As I was typing this, you updated your question with "NOTE: No libraries (such as (...) )should be used". <stdarg.h> is one of the handful headers that's required for all conforming C implementations, including freestanding (embedded) ones -- because it doesn't define any functions, just types and macros. Your C implementation should support it. If it doesn't, then it's not a conforming C implementation, and you'll need to tell us exactly what compiler you're using and/or read its documentation to find out how it handles variadic functions, or an equivalent.

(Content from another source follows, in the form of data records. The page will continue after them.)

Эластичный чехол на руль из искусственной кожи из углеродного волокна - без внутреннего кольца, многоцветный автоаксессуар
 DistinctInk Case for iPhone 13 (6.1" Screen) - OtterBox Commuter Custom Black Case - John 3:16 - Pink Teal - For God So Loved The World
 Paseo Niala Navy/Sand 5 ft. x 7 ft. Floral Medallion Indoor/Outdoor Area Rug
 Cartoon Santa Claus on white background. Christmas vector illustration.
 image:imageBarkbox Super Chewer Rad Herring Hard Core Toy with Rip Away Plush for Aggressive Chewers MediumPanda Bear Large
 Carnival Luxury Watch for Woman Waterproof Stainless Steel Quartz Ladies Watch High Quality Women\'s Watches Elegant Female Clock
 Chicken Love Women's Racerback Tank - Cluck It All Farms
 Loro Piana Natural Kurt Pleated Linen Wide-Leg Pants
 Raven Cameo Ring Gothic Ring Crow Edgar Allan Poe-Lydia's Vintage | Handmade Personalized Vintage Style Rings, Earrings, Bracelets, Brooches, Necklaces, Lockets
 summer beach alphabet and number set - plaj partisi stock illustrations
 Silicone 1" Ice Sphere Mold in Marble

If you really can't use , ... and <stdarg.h>, (or perhaps the older <varargs.h>), then you can define your function with a fixed number of arguments, enough for all uses, then have callers pass extra null pointers.
EDIT:
This is an update based on new information in comments and chat.
The OP has a homework assignment to implement printf for some TI microcontroller, for some reason not using either the , ... notation or <stdarg.h>. The compiler in question apparently implements C89/C90, so it does support both features; this is an arbitrary restriction.
This information should have been in the question, which is why I'm downvoting it until the OP updates it.
There is no portable way to achieve this -- which is exactly why , ... is part of the standard language, and <stdarg.h> is part of the standard library.
Probably the best approach would be to write a program that uses , ... and <stdarg.h>, then invoke the compiler so it shows just the output of the preprocessor (resolving the various va_* macros and the va_list type), and then imitate that. And you'd have to assume, or verify using the compiler documentation, that the calling convention for variadic and non-variadic functions is compatible. In other words, find out what this particular implementation does, and reinvent a similar wheel.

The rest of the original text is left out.